Data in this exercise =
----------

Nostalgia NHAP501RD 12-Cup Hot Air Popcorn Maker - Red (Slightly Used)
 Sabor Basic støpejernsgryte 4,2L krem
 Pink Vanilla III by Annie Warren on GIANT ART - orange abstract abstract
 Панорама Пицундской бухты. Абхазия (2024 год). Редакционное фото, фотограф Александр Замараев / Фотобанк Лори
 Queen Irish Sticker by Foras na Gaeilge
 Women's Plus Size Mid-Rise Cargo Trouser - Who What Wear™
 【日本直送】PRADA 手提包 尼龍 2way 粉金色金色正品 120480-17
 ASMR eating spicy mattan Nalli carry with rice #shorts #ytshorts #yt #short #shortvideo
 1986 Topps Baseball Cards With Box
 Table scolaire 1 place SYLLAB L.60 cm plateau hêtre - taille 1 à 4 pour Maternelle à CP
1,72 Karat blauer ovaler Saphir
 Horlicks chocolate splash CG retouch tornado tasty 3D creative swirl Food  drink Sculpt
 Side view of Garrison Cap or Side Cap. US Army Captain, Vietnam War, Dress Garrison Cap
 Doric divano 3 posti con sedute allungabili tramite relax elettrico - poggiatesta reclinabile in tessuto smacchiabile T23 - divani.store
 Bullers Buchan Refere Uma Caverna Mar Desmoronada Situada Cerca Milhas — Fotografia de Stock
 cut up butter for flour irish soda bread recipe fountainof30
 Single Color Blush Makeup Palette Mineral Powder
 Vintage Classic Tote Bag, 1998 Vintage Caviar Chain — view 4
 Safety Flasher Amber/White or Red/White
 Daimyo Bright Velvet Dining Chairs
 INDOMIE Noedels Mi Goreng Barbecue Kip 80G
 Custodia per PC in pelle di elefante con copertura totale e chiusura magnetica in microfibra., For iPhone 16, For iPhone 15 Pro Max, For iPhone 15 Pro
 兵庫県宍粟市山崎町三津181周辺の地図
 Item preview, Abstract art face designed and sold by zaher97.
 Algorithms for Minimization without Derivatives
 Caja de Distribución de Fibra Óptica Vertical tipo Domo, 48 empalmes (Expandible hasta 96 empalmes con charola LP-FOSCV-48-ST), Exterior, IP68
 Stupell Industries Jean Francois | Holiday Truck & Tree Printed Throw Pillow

----------

What the task asks =
Every record shown above should be set down again exactly.

Response area =
Nostalgia NHAP501RD 12-Cup Hot Air Popcorn Maker - Red (Slightly Used)
 Sabor Basic støpejernsgryte 4,2L krem
 Pink Vanilla III by Annie Warren on GIANT ART - orange abstract abstract
 Панорама Пицундской бухты. Абхазия (2024 год). Редакционное фото, фотограф Александр Замараев / Фотобанк Лори
 Queen Irish Sticker by Foras na Gaeilge
 Women's Plus Size Mid-Rise Cargo Trouser - Who What Wear™
 【日本直送】PRADA 手提包 尼龍 2way 粉金色金色正品 120480-17
 ASMR eating spicy mattan Nalli carry with rice #shorts #ytshorts #yt #short #shortvideo
 1986 Topps Baseball Cards With Box
 Table scolaire 1 place SYLLAB L.60 cm plateau hêtre - taille 1 à 4 pour Maternelle à CP
1,72 Karat blauer ovaler Saphir
 Horlicks chocolate splash CG retouch tornado tasty 3D creative swirl Food  drink Sculpt
 Side view of Garrison Cap or Side Cap. US Army Captain, Vietnam War, Dress Garrison Cap
 Doric divano 3 posti con sedute allungabili tramite relax elettrico - poggiatesta reclinabile in tessuto smacchiabile T23 - divani.store
 Bullers Buchan Refere Uma Caverna Mar Desmoronada Situada Cerca Milhas — Fotografia de Stock
 cut up butter for flour irish soda bread recipe fountainof30
 Single Color Blush Makeup Palette Mineral Powder
 Vintage Classic Tote Bag, 1998 Vintage Caviar Chain — view 4
 Safety Flasher Amber/White or Red/White
 Daimyo Bright Velvet Dining Chairs
 INDOMIE Noedels Mi Goreng Barbecue Kip 80G
 Custodia per PC in pelle di elefante con copertura totale e chiusura magnetica in microfibra., For iPhone 16, For iPhone 15 Pro Max, For iPhone 15 Pro
 兵庫県宍粟市山崎町三津181周辺の地図
 Item preview, Abstract art face designed and sold by zaher97.
 Algorithms for Minimization without Derivatives
 Caja de Distribución de Fibra Óptica Vertical tipo Domo, 48 empalmes (Expandible hasta 96 empalmes con charola LP-FOSCV-48-ST), Exterior, IP68
 Stupell Industries Jean Francois | Holiday Truck & Tree Printed Throw Pillow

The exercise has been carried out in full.